Data in this exercise:
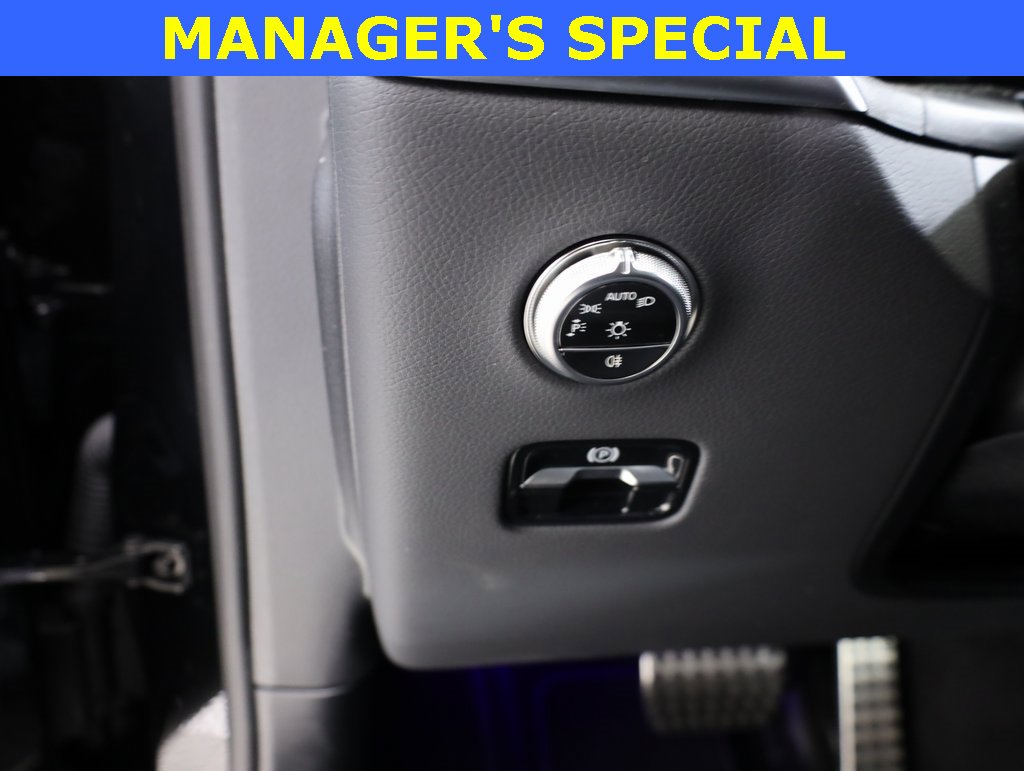 Used 2025 Mercedes-Benz GLC 300 4MATIC image 15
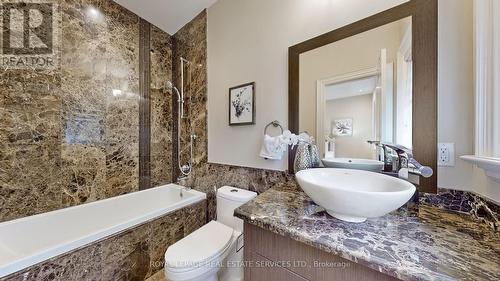 2B Carluke Crescent, Toronto, ON - Indoor Photo Showing Bathroom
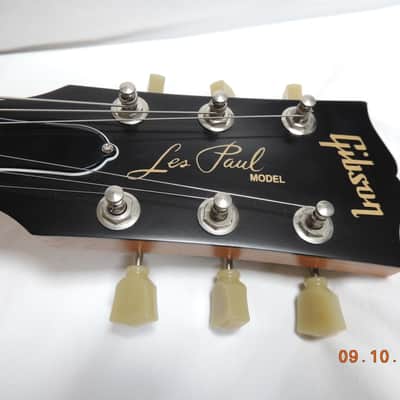 2011 Gibson 60's Tribute Les Paul Studio Electric Guitar (P90 Pick ups) w/ gig bag. Honeyburst image 21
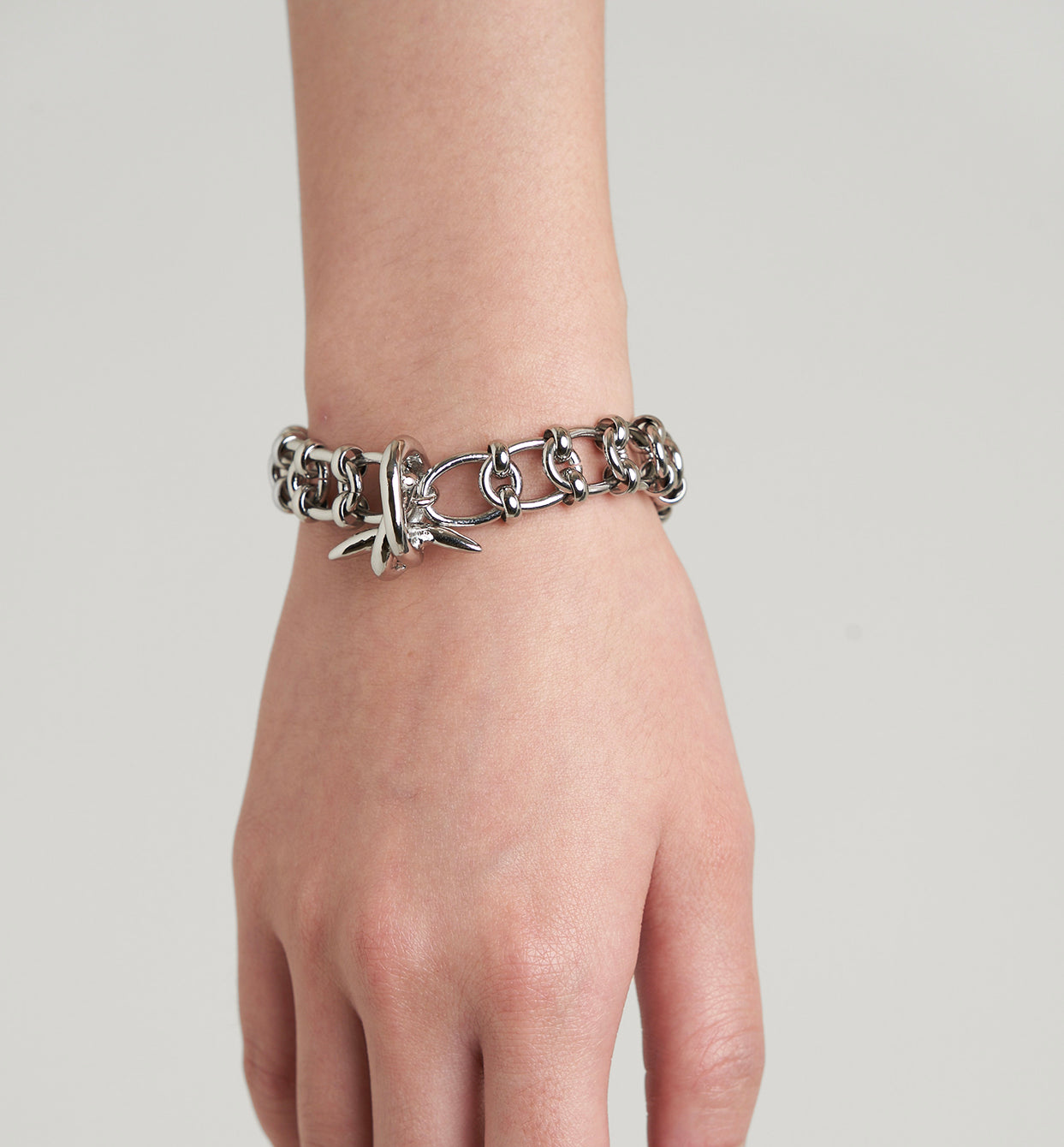 SINGLE SPIKY KNOT BRACELET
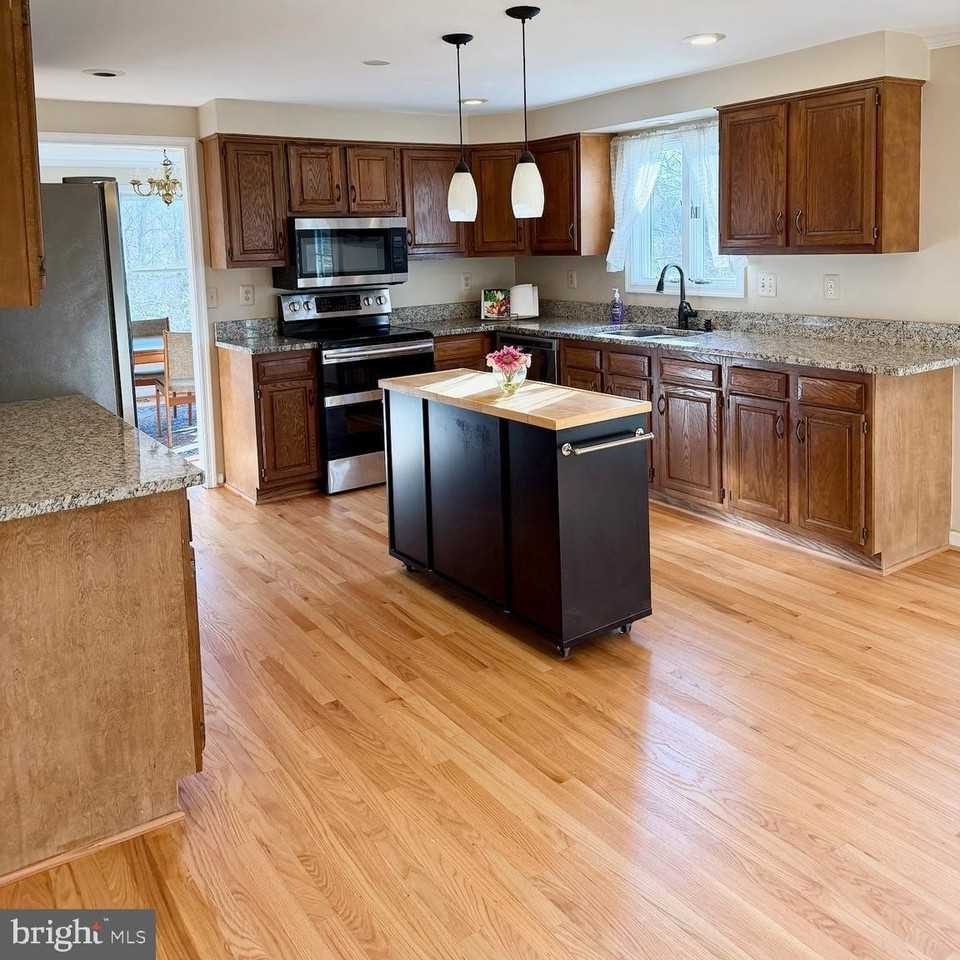 9701 Georgetown Pike - Photo 5 of 50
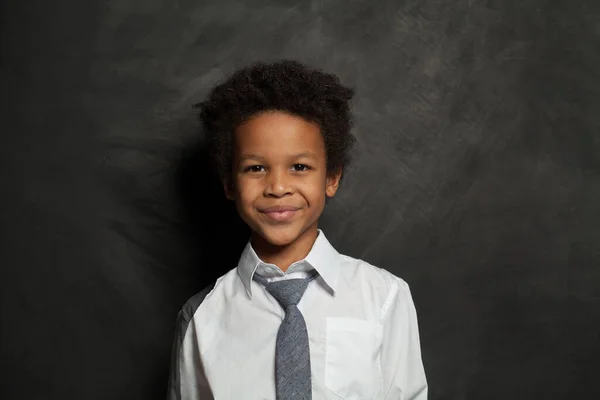 Mignon Noir Enfant Garçon Sourire Portrait — Photo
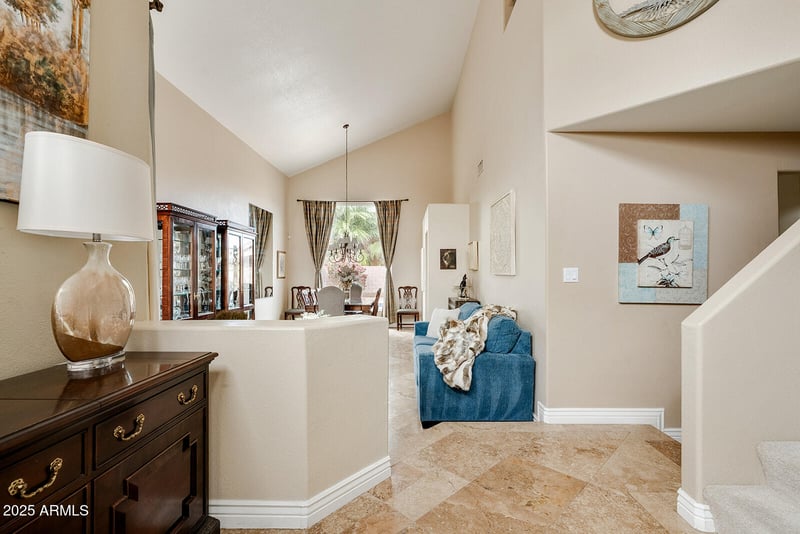 2822 Muirwood Dr, Phoenix, AZ 85048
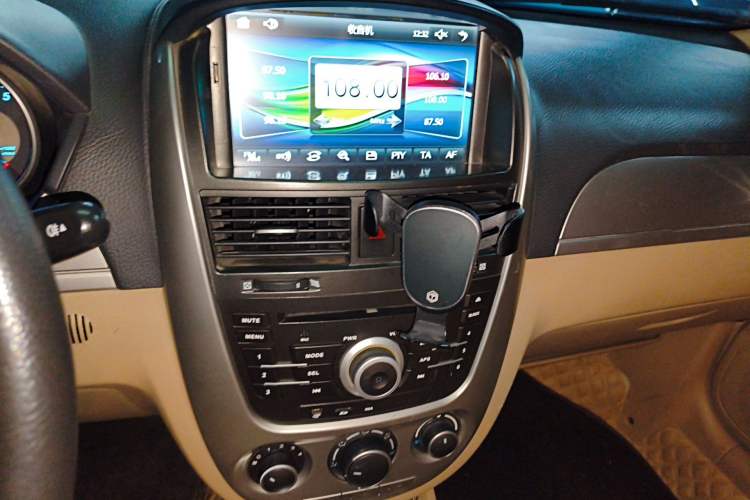 Used Buick Excelle 2013 1.5L Manual Classic Model Audio And AC Panel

Task requirements:
Leave out the pictures and set down everything else in the entries above exactly.

Exercise solution:
 Used 2025 Mercedes-Benz GLC 300 4MATIC image 15
 2B Carluke Crescent, Toronto, ON - Indoor Photo Showing Bathroom
 2011 Gibson 60's Tribute Les Paul Studio Electric Guitar (P90 Pick ups) w/ gig bag. Honeyburst image 21
 SINGLE SPIKY KNOT BRACELET
 9701 Georgetown Pike - Photo 5 of 50
 Mignon Noir Enfant Garçon Sourire Portrait — Photo
 2822 Muirwood Dr, Phoenix, AZ 85048
 Used Buick Excelle 2013 1.5L Manual Classic Model Audio And AC Panel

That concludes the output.